- **What you are asked to do**
Exactly the lines from the one with "GVIEWIN Kompatibel mit" to the end of the data below should be set down, and no others.
*** Records for processing ***
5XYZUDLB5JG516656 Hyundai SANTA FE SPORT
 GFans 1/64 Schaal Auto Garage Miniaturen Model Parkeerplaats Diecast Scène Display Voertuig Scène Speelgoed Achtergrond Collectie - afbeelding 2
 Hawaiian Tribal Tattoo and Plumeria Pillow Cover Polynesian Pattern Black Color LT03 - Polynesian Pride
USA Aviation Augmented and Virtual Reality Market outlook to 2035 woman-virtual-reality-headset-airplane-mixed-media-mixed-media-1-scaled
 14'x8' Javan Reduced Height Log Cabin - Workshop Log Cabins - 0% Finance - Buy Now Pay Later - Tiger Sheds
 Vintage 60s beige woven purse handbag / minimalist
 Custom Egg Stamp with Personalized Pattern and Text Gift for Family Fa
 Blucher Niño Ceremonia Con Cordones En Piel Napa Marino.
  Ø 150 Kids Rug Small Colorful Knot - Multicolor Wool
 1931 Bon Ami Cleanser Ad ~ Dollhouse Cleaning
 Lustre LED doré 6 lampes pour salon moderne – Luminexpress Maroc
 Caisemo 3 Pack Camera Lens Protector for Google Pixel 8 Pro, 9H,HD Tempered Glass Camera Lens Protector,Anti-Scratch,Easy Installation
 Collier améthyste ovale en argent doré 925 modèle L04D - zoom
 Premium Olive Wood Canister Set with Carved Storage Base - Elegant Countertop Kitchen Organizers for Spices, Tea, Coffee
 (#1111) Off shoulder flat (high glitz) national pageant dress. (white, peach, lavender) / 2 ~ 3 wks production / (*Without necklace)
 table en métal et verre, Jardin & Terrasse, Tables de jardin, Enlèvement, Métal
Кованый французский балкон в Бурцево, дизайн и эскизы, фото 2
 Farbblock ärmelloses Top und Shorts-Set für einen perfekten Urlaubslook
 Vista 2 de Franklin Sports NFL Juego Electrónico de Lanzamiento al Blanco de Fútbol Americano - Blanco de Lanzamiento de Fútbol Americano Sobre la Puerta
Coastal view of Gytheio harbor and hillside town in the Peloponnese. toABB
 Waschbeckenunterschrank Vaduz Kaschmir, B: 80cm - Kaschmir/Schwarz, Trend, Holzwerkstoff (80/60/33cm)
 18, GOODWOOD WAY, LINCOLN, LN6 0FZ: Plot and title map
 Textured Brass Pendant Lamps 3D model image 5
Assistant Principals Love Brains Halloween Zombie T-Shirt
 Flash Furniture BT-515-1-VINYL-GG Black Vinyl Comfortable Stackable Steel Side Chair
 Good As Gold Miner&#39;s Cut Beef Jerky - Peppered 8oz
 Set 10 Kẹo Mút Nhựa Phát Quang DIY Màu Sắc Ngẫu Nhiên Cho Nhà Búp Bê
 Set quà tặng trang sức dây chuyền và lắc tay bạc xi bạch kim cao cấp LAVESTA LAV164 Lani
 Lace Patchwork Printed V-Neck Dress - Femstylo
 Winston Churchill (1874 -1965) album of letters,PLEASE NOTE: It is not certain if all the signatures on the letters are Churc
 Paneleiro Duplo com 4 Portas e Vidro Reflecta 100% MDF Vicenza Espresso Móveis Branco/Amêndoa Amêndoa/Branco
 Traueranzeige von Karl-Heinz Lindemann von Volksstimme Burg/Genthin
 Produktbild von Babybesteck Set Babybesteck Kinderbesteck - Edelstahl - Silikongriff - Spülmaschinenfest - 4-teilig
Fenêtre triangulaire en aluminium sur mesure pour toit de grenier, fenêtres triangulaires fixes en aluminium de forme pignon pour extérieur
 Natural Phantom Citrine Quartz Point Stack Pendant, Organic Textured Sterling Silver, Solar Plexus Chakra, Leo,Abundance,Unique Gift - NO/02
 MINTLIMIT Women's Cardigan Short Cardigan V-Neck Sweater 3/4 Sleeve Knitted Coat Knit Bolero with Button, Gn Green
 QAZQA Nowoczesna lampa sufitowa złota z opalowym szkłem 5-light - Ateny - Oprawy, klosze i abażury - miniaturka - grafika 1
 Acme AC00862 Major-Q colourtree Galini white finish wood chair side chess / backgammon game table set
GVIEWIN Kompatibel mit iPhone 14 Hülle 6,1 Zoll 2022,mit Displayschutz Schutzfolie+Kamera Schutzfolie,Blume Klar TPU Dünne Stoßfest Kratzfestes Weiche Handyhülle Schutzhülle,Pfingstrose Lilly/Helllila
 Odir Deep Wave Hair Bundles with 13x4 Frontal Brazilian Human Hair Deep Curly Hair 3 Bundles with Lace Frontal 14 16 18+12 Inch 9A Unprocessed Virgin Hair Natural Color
*** End of Records for processing ***
- **Output for this task**
GVIEWIN Kompatibel mit iPhone 14 Hülle 6,1 Zoll 2022,mit Displayschutz Schutzfolie+Kamera Schutzfolie,Blume Klar TPU Dünne Stoßfest Kratzfestes Weiche Handyhülle Schutzhülle,Pfingstrose Lilly/Helllila
 Odir Deep Wave Hair Bundles with 13x4 Frontal Brazilian Human Hair Deep Curly Hair 3 Bundles with Lace Frontal 14 16 18+12 Inch 9A Unprocessed Virgin Hair Natural Color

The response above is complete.